You don’t have to take his word for it. 

Look around you who are the most successful people – even by our warped standards of success? It is not the brightest students, but more likely it’s the people who know how to collaborate, lead and generally get things done.

The richer members of our society are no longer looking for grades. They are looking to grow rounded adults, exposed men and women equipped to operate in a globalised world. They can afford it.

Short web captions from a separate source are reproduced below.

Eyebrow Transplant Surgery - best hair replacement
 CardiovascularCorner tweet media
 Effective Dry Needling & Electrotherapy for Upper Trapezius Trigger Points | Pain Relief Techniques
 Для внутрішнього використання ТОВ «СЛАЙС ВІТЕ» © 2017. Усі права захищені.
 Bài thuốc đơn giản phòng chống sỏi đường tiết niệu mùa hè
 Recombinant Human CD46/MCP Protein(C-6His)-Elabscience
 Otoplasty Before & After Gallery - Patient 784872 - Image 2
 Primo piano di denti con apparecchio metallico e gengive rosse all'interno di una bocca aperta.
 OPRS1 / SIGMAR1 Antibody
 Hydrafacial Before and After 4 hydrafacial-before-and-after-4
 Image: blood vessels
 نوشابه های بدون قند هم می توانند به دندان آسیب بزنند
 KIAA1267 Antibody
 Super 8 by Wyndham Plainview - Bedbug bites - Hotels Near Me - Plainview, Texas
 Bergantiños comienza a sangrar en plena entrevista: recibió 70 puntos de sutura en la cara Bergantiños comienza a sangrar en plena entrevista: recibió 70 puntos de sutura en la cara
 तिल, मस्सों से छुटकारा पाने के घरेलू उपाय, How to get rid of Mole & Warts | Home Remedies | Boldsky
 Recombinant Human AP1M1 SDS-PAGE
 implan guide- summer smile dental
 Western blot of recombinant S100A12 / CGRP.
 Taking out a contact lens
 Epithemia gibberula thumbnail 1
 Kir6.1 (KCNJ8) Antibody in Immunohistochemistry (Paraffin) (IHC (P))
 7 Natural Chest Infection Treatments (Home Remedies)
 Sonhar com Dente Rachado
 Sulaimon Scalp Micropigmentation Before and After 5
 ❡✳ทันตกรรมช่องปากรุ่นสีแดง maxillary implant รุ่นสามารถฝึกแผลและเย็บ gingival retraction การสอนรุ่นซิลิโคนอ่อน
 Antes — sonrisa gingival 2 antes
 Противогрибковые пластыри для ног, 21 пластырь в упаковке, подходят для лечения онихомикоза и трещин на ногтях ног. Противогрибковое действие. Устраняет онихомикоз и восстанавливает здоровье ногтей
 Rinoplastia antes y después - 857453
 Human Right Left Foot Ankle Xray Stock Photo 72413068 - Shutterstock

"For the rest of us mere mortals it would be important for us to take a step back and ask ourselves whether forcing our kids into the latest meat factory to cram how to read, write and count is the best preparation for a future where knowledge is pervasive. In the future it will not be what is contained in one’s head that will count but whether one can find the information needed and manipulate it to solve the pressing questions of the day...  

Pressure is good. If handled well it forces us to expand our limits and grow. However it can be applied to the wrong priorities and count for nothing.

For Joan we all owe her an apology. For not only forcing her down a path that clearly did not fit her skill set but also for not providing her the alternatives and supporting her in exploring them.

Joan is an extreme case but we see the pressure piling on our children’s little bodies as they brave the freezing pre-dawn cold to school laden with bags as heavy as themselves. Is it any wonder that our children are giving up on life before they have started living?